= Description of the task =
A faithful, complete transcript of the entries below, without pictures, should be returned.

::: Information provided

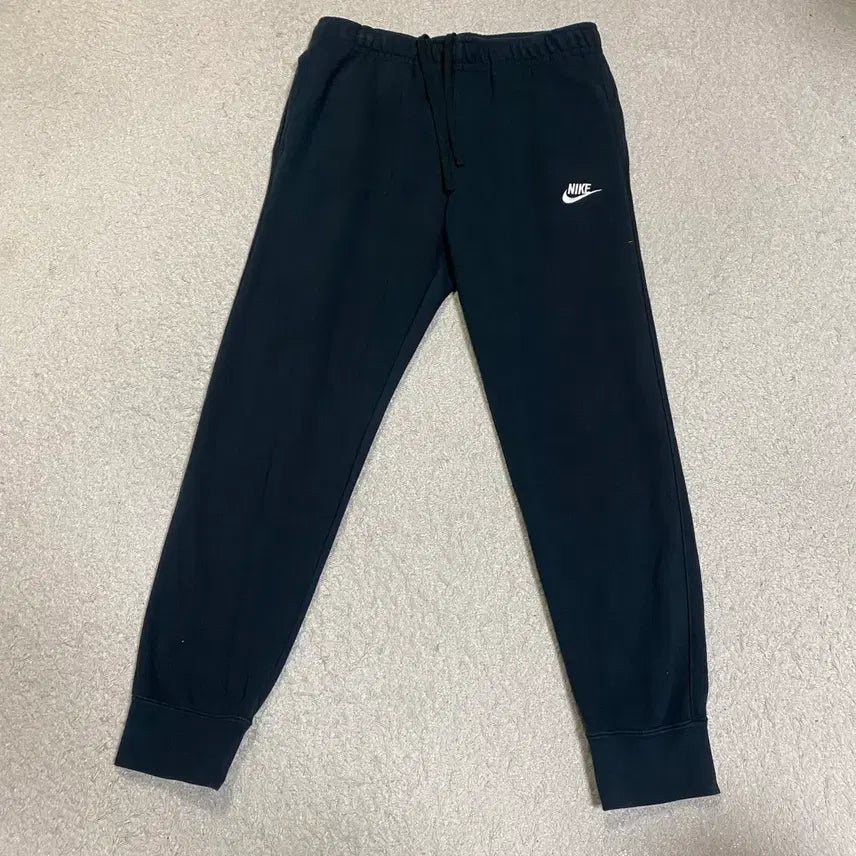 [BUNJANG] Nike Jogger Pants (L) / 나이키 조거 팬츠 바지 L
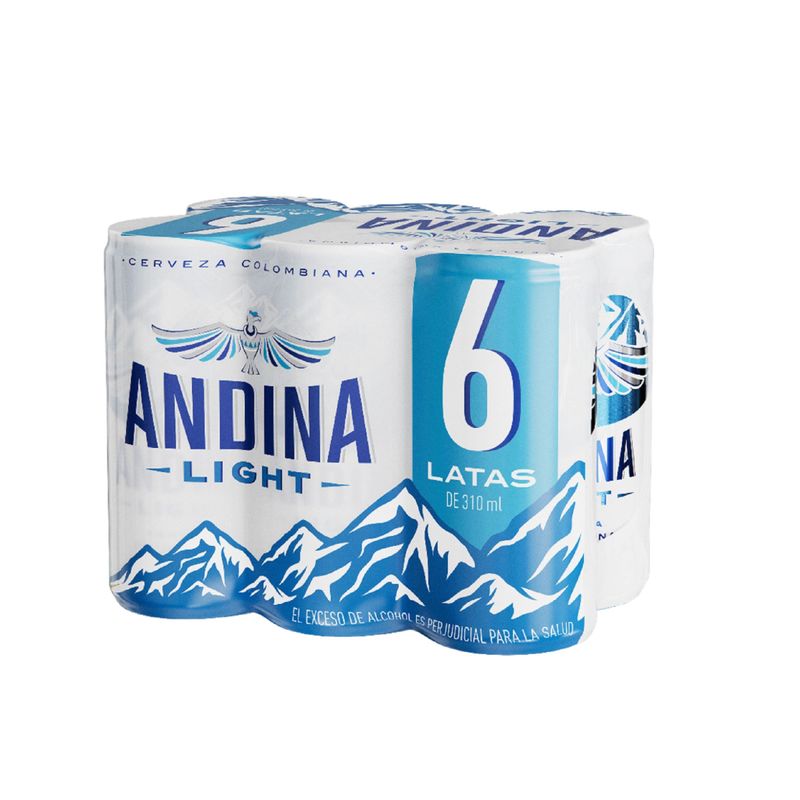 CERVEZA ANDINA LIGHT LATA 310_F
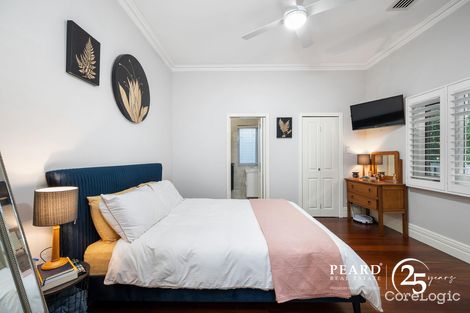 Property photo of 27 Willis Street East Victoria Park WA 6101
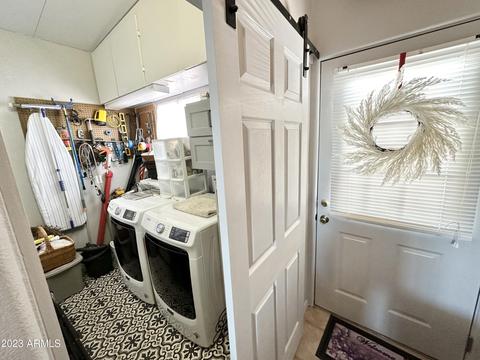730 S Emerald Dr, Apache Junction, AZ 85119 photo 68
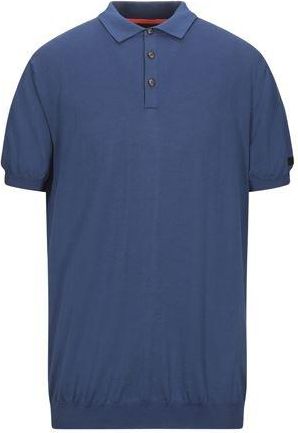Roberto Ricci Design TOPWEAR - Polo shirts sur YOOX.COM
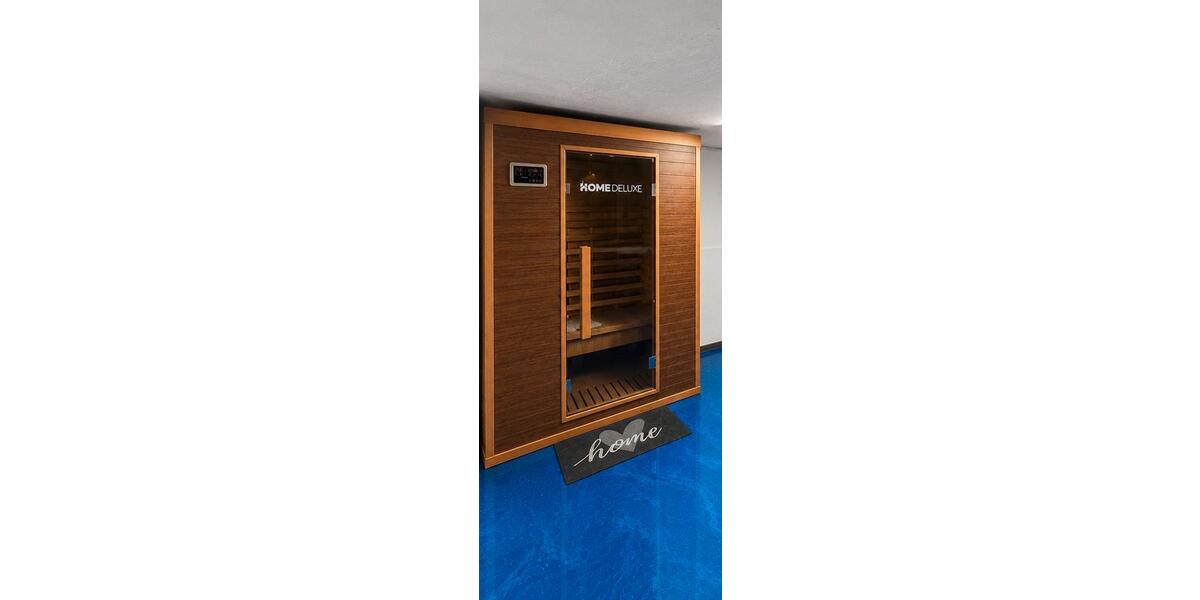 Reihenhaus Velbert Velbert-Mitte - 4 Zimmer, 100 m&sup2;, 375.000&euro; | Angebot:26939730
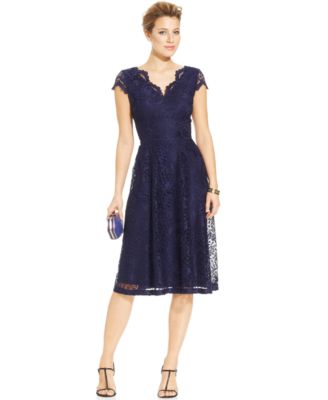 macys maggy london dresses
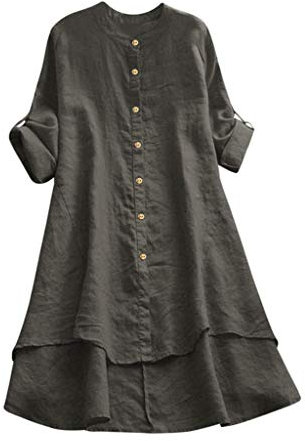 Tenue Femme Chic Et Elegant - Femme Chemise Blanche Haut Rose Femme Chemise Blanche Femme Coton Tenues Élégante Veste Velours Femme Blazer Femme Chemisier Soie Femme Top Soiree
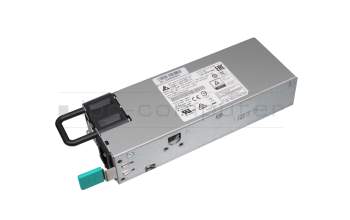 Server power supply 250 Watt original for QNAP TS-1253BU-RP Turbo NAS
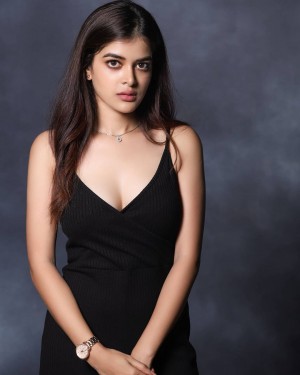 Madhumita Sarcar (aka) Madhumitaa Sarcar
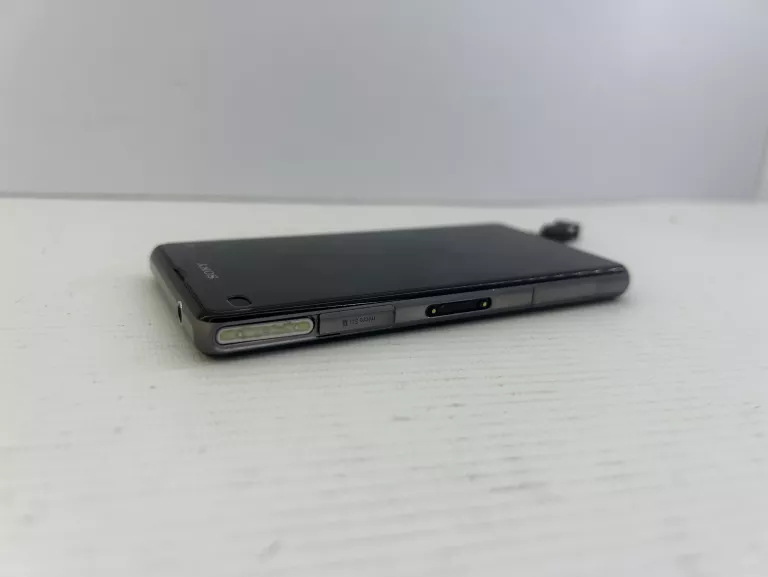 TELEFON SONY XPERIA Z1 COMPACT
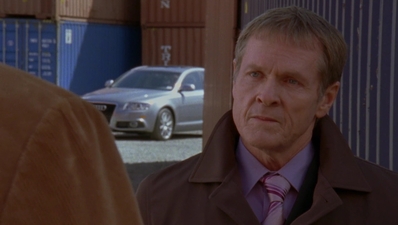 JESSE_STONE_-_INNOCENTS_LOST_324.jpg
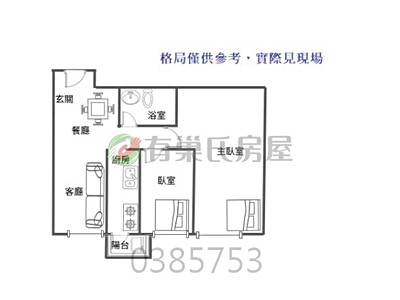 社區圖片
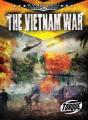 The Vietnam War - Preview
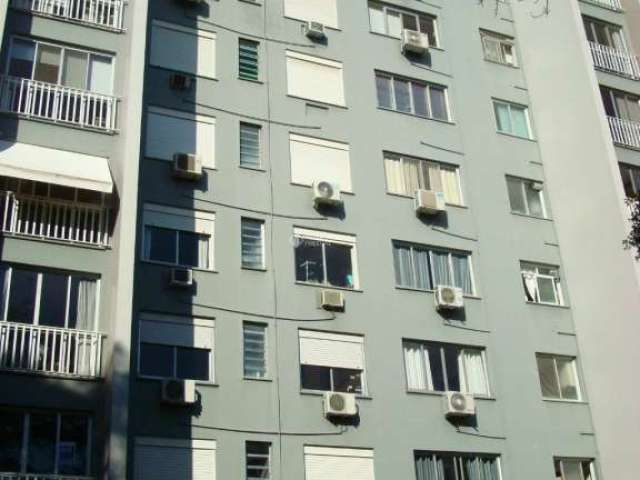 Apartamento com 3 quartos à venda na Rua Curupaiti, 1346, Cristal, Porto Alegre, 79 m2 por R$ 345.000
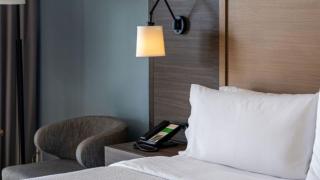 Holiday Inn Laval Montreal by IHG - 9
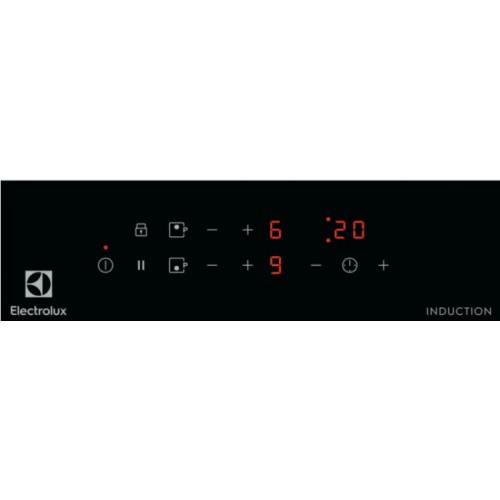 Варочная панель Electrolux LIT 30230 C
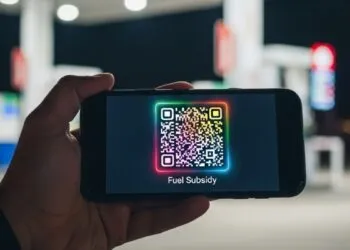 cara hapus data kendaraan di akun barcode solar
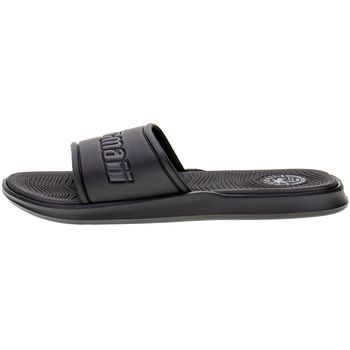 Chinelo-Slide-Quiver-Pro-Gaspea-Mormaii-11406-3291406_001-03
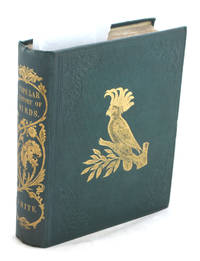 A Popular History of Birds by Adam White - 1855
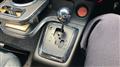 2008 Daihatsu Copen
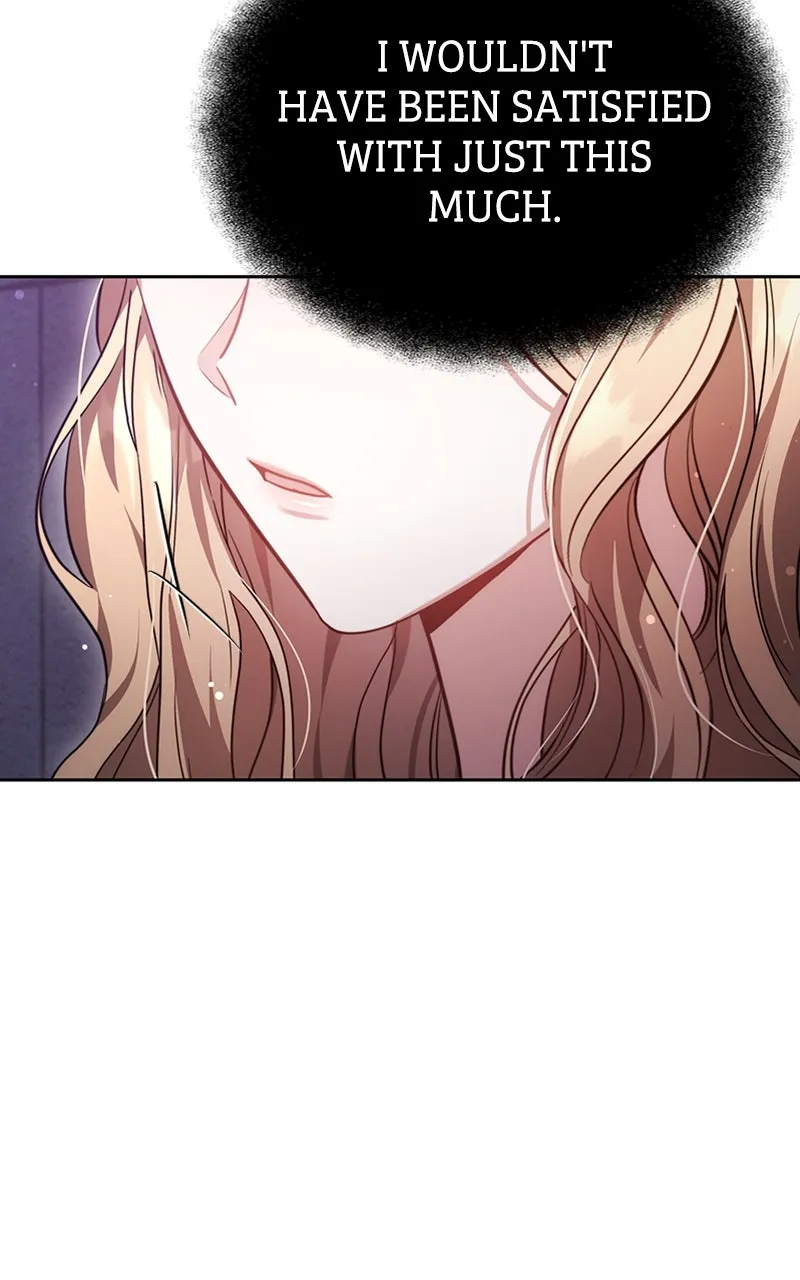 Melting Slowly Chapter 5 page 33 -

::::::

= Problem solution =
 [BUNJANG] Nike Jogger Pants (L) / 나이키 조거 팬츠 바지 L
 CERVEZA ANDINA LIGHT LATA 310_F
 Property photo of 27 Willis Street East Victoria Park WA 6101
730 S Emerald Dr, Apache Junction, AZ 85119 photo 68
Roberto Ricci Design TOPWEAR - Polo shirts sur YOOX.COM
 Reihenhaus Velbert Velbert-Mitte - 4 Zimmer, 100 m&sup2;, 375.000&euro; | Angebot:26939730
 macys maggy london dresses
 Tenue Femme Chic Et Elegant - Femme Chemise Blanche Haut Rose Femme Chemise Blanche Femme Coton Tenues Élégante Veste Velours Femme Blazer Femme Chemisier Soie Femme Top Soiree
 Server power supply 250 Watt original for QNAP TS-1253BU-RP Turbo NAS
 Madhumita Sarcar (aka) Madhumitaa Sarcar
 TELEFON SONY XPERIA Z1 COMPACT
 JESSE_STONE_-_INNOCENTS_LOST_324.jpg
 社區圖片
 The Vietnam War - Preview
 Apartamento com 3 quartos à venda na Rua Curupaiti, 1346, Cristal, Porto Alegre, 79 m2 por R$ 345.000
 Holiday Inn Laval Montreal by IHG - 9
 Варочная панель Electrolux LIT 30230 C
 cara hapus data kendaraan di akun barcode solar
 Chinelo-Slide-Quiver-Pro-Gaspea-Mormaii-11406-3291406_001-03
 A Popular History of Birds by Adam White - 1855
 2008 Daihatsu Copen
 Melting Slowly Chapter 5 page 33 -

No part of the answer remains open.